Bilbao-Guillerna, Aitor et al. (2017). Data from: Waterjet and laser etching: the nonlinear inverse problem [Dataset]. Dryad.


In waterjet and laser milling, material is removed from a solid surface in a succession of layers to create a new shape, in a depth-controlled manner. The inverse problem consists of defining the control parameters, in particular, the two-dimensional beam path, to arrive at a prescribed freeform surface. Waterjet milling (WJM) and pulsed laser ablation (PLA) are studied in this paper, since a generic nonlinear material removal model is appropriate for both of these processes.
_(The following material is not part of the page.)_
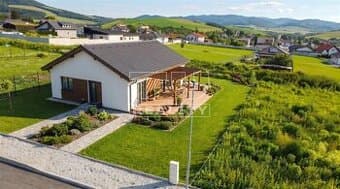 Krásny slnečný pozemok 940 m2 Prešov - Záhradné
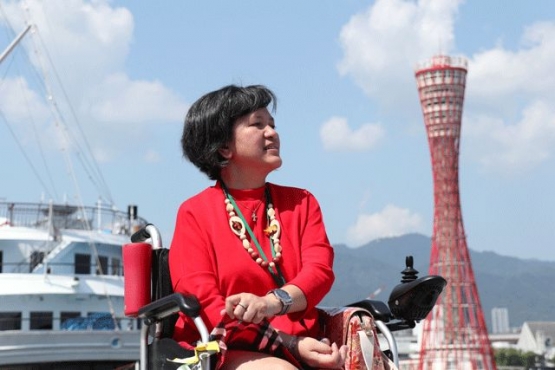 Dokumentasi pribadi | Menara Mrah Kobe itu, nyata cantiknya, sesuai dengan baju merahku yang aku siapkan untuk ini ..... Sangat cantik dalam 1 frame, hasil bidikan cantik oleh sahabat kecilku, Baskoro, yang tinggal di Kobe puluhan tahun lalu .....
The inverse problem is usually solved for this kind of process by simply controlling dwell time in proportion to the required depth of milling at a sequence of pixels on the surface. However, this approach is only valid when shallow surfaces are etched, since it does not take into account either the footprint of the beam or its overlapping on successive passes. A discrete adjoint algorithm is proposed in this paper to improve the solution. Nonlinear effects and non-straight passes are included in the optimization, while the calculation of the Jacobian matrix does not require large computation times. Several tests are performed to validate the proposed method and the results show that tracking error is reduced typically by a factor of two in comparison to the pixel-by-pixel approach and the classical raster path strategy with straight passes. The tracking error can be as low as 2–5% and 1–2% for WJM and PLA, respectively, depending on the complexity of the target surface.